The AI Landscape in 2024: Training Costs, Open Source, and Running Out of Data
The 2024 AI Index Report from the Stanford Institute for Human-Centered Artificial Intelligence (HAI) provides a comprehensive overview of the AI landscape. In a series of articles, we highlight key findings of the report, focusing on trends and insights that are particularly relevant for business leaders.
In this article we’ll dive into the rising costs of training AI models, the potential for data depletion, the evolution of foundation models, and the shift towards open-source AI.
Skyrocketing Training Costs and Compute Trends
One of the most striking findings from the report is the exponential increase in the cost of training state-of-the-art AI models. In 2017, the original Transformer model cost around $900 to train. Fast forward to 2023, and the estimated training costs for OpenAI’s GPT-4 and Google’s Gemini Ultra are $78 million and $191 million, respectively. This trend is driven by the growing complexity of AI models and the vast amounts of data they require.
Key Takeaway: As AI models become more sophisticated, the financial and computational resources required to train them are becoming a significant barrier to entry.
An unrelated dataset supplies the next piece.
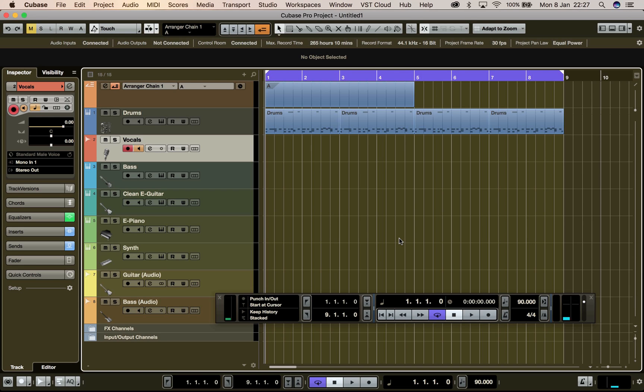I'm trialing Cubase 9.5 Pro, and the issue I have is I'm trying to record in looped mode in arranger mode.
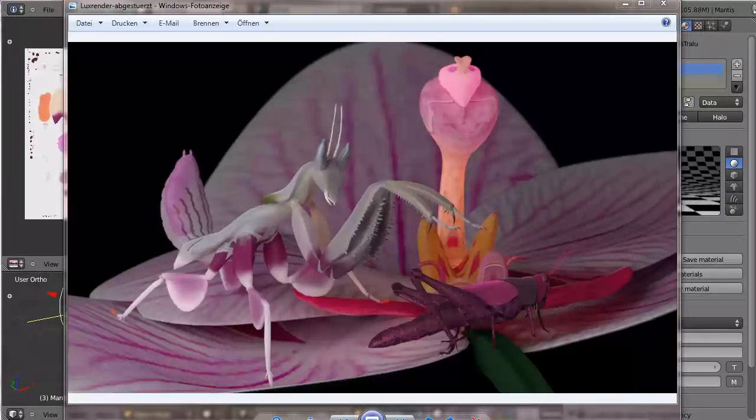Hey, what's up? This is Frederik Steinmetz and this is another part of the Praying Mantis tutorial. This time it's going to be rendered in LuxRender.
This could lead to a concentration of AI capabilities among a few well-resourced companies and institutions.
Will Models Run Out of Data?
The report highlights concerns about the potential depletion of data for training AI models. Researchers estimate that high-quality language data could be exhausted by 2024, with low-quality language data lasting up to two decades and image data running out by the mid-2040s. While synthetic data generated by AI models themselves could potentially address this issue, recent research suggests that models trained predominantly on synthetic data may suffer from reduced output diversity and quality.
Key Takeaway: The potential scarcity of training data could become a significant constraint for the development of AI models in the coming years. Businesses should consider strategies for efficiently using and preserving high-quality data.
The Evolution of Foundation Models
Foundation models, which are large AI models trained on massive datasets and capable of performing a wide range of tasks, have seen rapid growth in recent years. The number of foundation models released annually has more than doubled since 2022, with the majority now originating from industry rather than academia. Notably, the United States leads in the development of foundation models, followed by China and the European Union.
Key Takeaway: Foundation models are becoming increasingly important in the AI landscape, with industry players taking the lead in their development. Businesses should keep a close eye on advancements in foundation models and consider how they could be leveraged for their specific use cases.
The Shift Towards Open-Source AI
The report shows a significant shift towards open-source AI models. In 2023, 65.8% of newly released foundation models were open-source, compared to only 44.4% in 2022. This trend is also reflected in the explosive growth of AI-related projects on GitHub, with the number of projects increasing by 59.3% in 2023 alone.
Key Takeaway: The growing availability of open-source AI models and tools lowers the barrier to entry for businesses looking to adopt AI. However, it also means that AI capabilities are becoming more widely accessible, potentially leveling the playing field for competitors.
Conclusion
The 2024 HAI AI Index Report reveals a rapidly evolving AI landscape characterized by rising training costs, potential data constraints, the dominance of foundation models, and a shift towards open-source AI. Business leaders must stay informed about these trends to make strategic decisions about AI adoption and investment. By understanding the challenges and opportunities presented by these developments, businesses can position themselves to harness the power of AI in the coming years.